While cumulative losses are a moving target thanks to long-tail exposure, the average cost is rising. According to global investigations firm Kroll, the average cost of a data breach hit $5.9 million in 2014, up 9 percent from the previous year. Worse, few of the culprits are ever caught. Some of the worst losses, in fact, have yet to be quantified, and may not be given the ways in which stolen data has been spread globally.
Data breaches are expected to reach $2.1 trillion globally by 2019, according to a Juniper Research study. That number is four times the estimated cost of 2015 expected breach losses. Yet the full scope data breach losses may never be known. Many breaches affect records and may not show financial impact for years.
To date, the costliest data breaches are:
10. The Home Depot – up to $56 million
A cyberattack in September 2014 on the big box retailer resulted in 56 million credit and debit card records being compromised. Malware launched on the company’s systems remained there for five months before being detected and removed. So far, the company has paid out $33 million in reparations, and that number is expected to reach $56 million.
9. Sony Pictures Entertainment – $100 million
In late 2014, Sony’s entertainment subsidiary was hit with a hacking attack in which hackers, calling themselves Guardians of Peace, claimed to have stolen 100 terabytes of data from Sony’s system. The group then launched a malware program on Sony’s computers to erase the company’s data. The estimated cost of recovery: $100 million.
8. Anthem – $100 million+
In February 2015, health insurer Anthem underwent a cyberattack that revealed the personal information of nearly 80 million people. The amount of information stolen, including names, addresses, and Social Security numbers, leaves Anthem’s customers and former customers open to potential identity theft.
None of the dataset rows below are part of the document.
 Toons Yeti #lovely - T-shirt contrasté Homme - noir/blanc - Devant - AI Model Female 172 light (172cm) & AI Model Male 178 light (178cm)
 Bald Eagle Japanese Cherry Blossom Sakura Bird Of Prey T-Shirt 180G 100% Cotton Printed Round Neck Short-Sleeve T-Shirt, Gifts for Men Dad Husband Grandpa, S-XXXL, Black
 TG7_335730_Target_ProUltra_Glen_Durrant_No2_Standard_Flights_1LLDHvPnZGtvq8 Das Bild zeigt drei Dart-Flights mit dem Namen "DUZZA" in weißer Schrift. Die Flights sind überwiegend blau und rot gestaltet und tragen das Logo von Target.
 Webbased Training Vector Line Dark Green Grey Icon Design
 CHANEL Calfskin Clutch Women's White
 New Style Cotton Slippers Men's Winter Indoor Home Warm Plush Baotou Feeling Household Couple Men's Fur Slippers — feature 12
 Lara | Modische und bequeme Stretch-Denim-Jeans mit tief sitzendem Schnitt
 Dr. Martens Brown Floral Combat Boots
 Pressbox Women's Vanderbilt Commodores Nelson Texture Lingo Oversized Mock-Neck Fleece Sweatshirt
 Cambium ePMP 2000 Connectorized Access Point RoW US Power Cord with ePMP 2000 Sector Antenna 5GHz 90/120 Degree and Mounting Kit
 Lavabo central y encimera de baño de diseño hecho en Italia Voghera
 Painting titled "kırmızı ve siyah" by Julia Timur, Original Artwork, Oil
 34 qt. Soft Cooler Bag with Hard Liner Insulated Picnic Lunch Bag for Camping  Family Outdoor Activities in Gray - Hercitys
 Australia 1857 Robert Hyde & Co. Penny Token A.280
Current estimates on the breach costs are expected to surpass $100 million.
(Photo: The rare NYC Home Depot)
7. Heartland Payment Systems – $140 million
The credit card processing company announced in early 2009 that over 130 million credit and debit card records were exposed when the company’s systems were compromised by malware in 2008. In what was, until recently, the costliest breach in history, Heartland paid over $140 million in costs, fines and penalties.